There is a third point, upon which we must be very brief. How is this story to be told? First, tell it truthfully. Do not tell more than you know; do not tell John Bunyan’s experience when you ought to tell your own. Tell your experience truthfully; for mayhap one single fly in the pot of ointment will spoil it, and one statement you may make which is not true may ruin it all.
In the next place, tell it very humbly. Do not intrude yourselves upon those who are older, and know more, but tell your story humbly; not as a preacher, but as a friend and as a son.
Next, tell it very earnestly. Let them see you mean it. Do not talk about religion flippantly; do not make puns on texts; do not quote Scripture by way of joke: if you do, you may talk till you are dumb, but you will do no good if you in the least degree give them occasion to laugh by laughing at holy things yourself.
And then, tell it very devoutly. Do not try to tell your tale to man till you have told it first to God. When you are at home on Christmas-day, let no one see your face till God has seen it. Be up in the morning, and if your friends are not converted, wrestle with God for them; and then you will find it easy work to wrestle with them for God. Seek, if you can, to get them one by one, and tell them the story. Do not be afraid; only think of the good you may possibly do. Remember, he that saves a soul from death covereth a multitude of sins, and he shall have stars in his crown for ever and ever. Seek to be the means of leading your own beloved brethren and sisters to seek and to find the Lord Jesus Christ, and then one day, when you shall meet in Paradise, it will be a joy and blessedness to think that you are there and that your friends are there too, whom God will have made you the instrument of saving. Let your reliance in the Holy Spirit be entire and honest. Trust not yourself, but fear not to trust Him. He can give you words. He can apply those words to their heart, and so enable you to “minister grace to the hearers.”

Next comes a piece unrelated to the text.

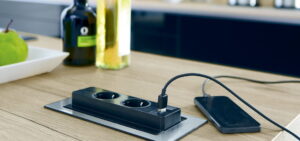 Inbouw stopcontact in keukenblad met USB lader - EVOline Backflip inbouw contactdoos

I close by a short, and I think, a pleasant turning of the text, to suggest another meaning to it. Soon, dear friends, very soon with some of us, the Master will say, “Go home to thy friends.” You know where the home is. It is up above the stars, “Where our best friends, our kindred dwell, Where God our Saviour reigns.”
And when we go home to our friends in Paradise, what shall we do? Why, first we will repair to that blest seat where Jesus sits, take off our crown and cast it at His feet, and crown Him Lord of all. And when we have done that, what shall be our next employ? Why, we will tell the blessed ones in heaven what the Lord hath done for us, and how He hath had compassion on us.
Wait awhile; tarry His leisure, and ye shall soon be gathered to the land of the hereafter, to the home of the blessed, where endless felicity shall be thy portion. God grant a blessing for His name’s sake!